- Directed by: Sergio Martino
- Screenplay by: Sauro Scavolini Sergio Martino
- Story by: Luciano Martino Sauro Scavolini
- Produced by: Luciano Martino
- Starring: Alessandro Cocco Senta Berger John Richardson
- Cinematography: Giancarlo Ferrando
- Edited by: Daniele Alabiso
- Music by: Alberto Pomeranz Luciano Michelini
- Production company: Dania Film
- Distributed by: Titanus (Italy) Toho Towa (Japan)
- Release dates: 6 December 1974 (Italy); 27 September 1975 (Japan); 13 June 1978 (U.S.);
- Running time: 95 minutes
- Country: Italy
- Language: Italian

= La bellissima estate =

The Beautiful Summer (La bellissima estate) is a 1974 Italian melodrama film directed by Sergio Martino.
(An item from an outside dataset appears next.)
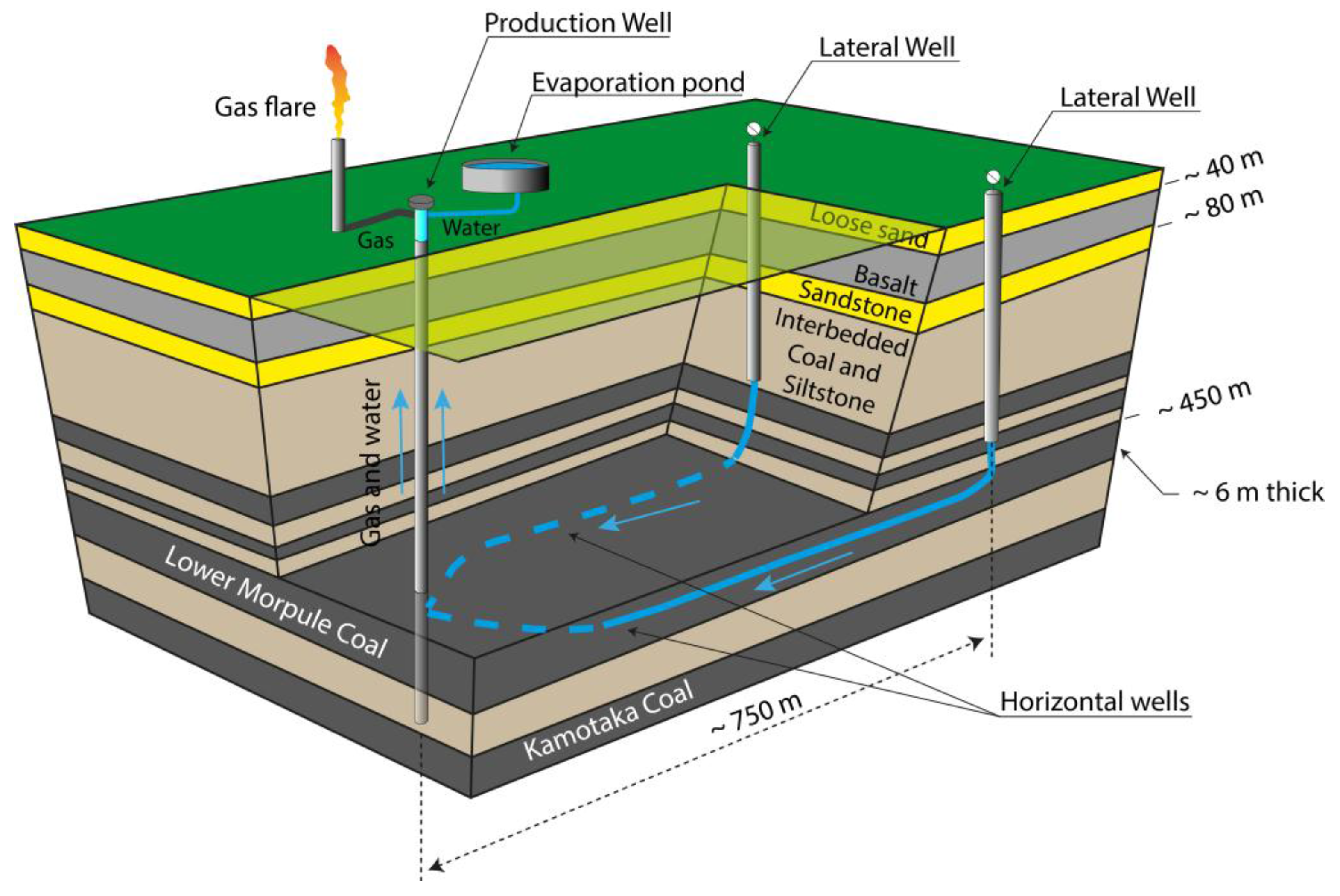 Remotesensing 09 01028 g007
It stars Alessandro Cocco, Senta Berger and John Richardson.

The film is part of the genre of melodramatic films known as "lacrima movies" or "tearjerker movies". It has been best remembered for the soundtrack piece "Il barone rosso" by Luciano Michelini, which would eventually become the theme song of the comedy show, Curb Your Enthusiasm. It was originally released in the United States as Summer to Remember, with other titles such as Smile of Love and Never Ending Love.

==Plot==
Gianluca, son of Emanuela and Vittorio Bennati, is in Versilia for the summer holiday. His father, to whom he is very attached, often stays away both for business (he is an engineer and owner of an industry) and because he has a hobby of car racing as an amateur, secretly from his wife. Consequently, when his mother announces that they will not return to Milan in the autumn, Gianluca suspects that it is because of an imminent divorce between his parents: the misunderstanding isn't helped by Manuela's friendship with the architect Giorgio Savona, with whom he often meets. The difficulties of being accepted by his fellow villagers and his friendship with little Olga, the daughter of millionaires like him, are not enough to calm the boy who one day, secretly from his mother, manages to escape to Milan, in search of his father, with the help of his friend Marco and the bizarre "The Red Baron". There he discovers that his father died in an accident during a car race. Distraught, Gianluca returns home, but a few days later he crashes with a toy cart and suffers serious injuries: admitted to hospital, he dies in the arms of his desperate mother, who still dreams of reuniting with his father.

==Cast==

- Alessandro Cocco as Gianluca Bennati
- Senta Berger as Emanuela Bennati
- John Richardson as Vittorio Bennati
- Lino Toffolo as "The Red Baron"
- Caterina Boratto as The princess
- Mario Erpichini as Giorgio Savona
- Renzo Marignano as Pietro, the driver
- Duilio Cruciani as Marco
- Brizio Montinaro as The Teacher
- Sabina Gaddi as Olga
- Gildo di Marco as Giuseppe
- Carla Mancini
- Bernardo Toccaceli
- Lorenzo Piani

==Release==
The Beautiful Summer was originally released in Italy on December 6, 1974 where it was distributed by Titanus.

In Japan, the film was released on September 27, 1975, and was retitled Smile of Love; it was released by Toho-Towa. Through 1978, the film was released in other countries, and on June 13, the film was released in the United States, and other countries, and was given the title Summer to Remember.